What is required => Lines in the records below that contain the word "from" must each be copied.

Record set =>
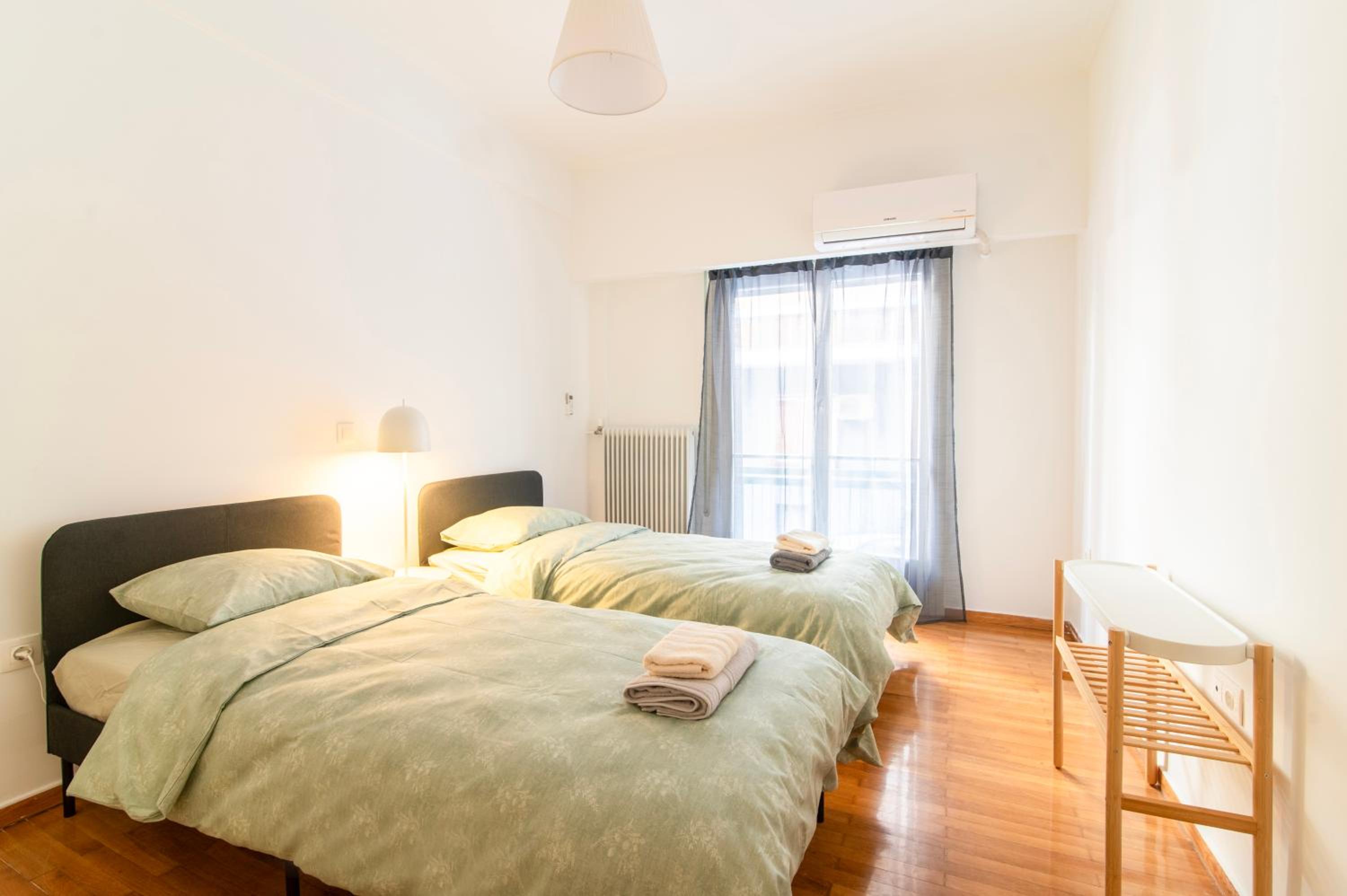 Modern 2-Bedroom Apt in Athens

==

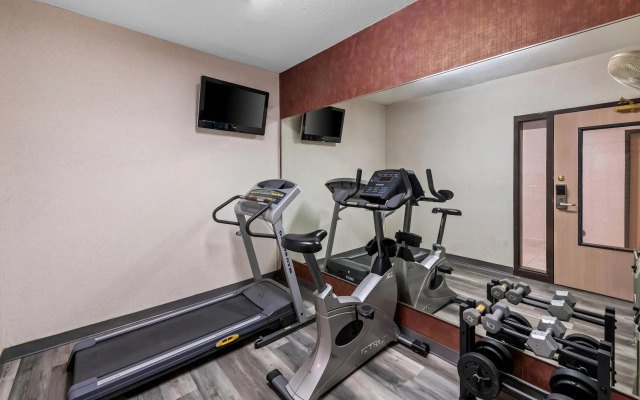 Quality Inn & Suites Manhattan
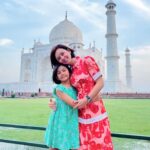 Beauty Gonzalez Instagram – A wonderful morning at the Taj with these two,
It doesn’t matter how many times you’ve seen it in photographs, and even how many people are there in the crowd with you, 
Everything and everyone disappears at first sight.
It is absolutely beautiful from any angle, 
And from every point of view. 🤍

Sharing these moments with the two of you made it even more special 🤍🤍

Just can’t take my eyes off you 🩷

==

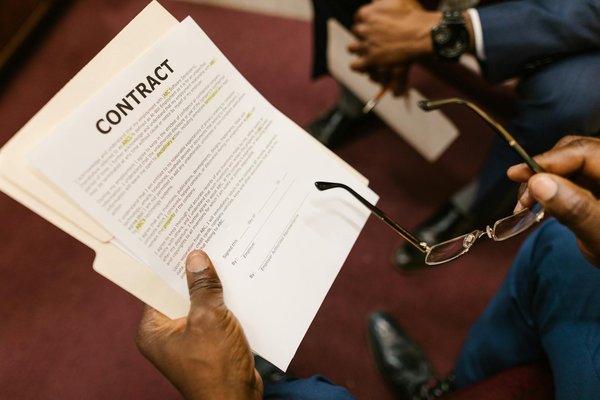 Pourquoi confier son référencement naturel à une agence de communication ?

Output of the exercise =>
It is absolutely beautiful from any angle, 
And from every point of view. 🤍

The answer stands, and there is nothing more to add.